- Problem details: Output the whole listing with nothing altered.

- Data for this exercise:
--- START ---

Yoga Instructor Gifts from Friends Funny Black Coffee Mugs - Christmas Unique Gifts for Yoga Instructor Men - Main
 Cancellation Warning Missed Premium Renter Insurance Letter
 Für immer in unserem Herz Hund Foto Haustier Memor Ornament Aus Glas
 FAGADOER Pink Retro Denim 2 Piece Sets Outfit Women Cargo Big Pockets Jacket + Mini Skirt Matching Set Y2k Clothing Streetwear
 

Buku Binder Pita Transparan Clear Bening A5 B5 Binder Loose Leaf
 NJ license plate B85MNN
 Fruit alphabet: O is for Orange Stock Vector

--- END ---

- Solution to this exercise:
Yoga Instructor Gifts from Friends Funny Black Coffee Mugs - Christmas Unique Gifts for Yoga Instructor Men - Main
 Cancellation Warning Missed Premium Renter Insurance Letter
 Für immer in unserem Herz Hund Foto Haustier Memor Ornament Aus Glas
 FAGADOER Pink Retro Denim 2 Piece Sets Outfit Women Cargo Big Pockets Jacket + Mini Skirt Matching Set Y2k Clothing Streetwear
 

Buku Binder Pita Transparan Clear Bening A5 B5 Binder Loose Leaf
 NJ license plate B85MNN
 Fruit alphabet: O is for Orange Stock Vector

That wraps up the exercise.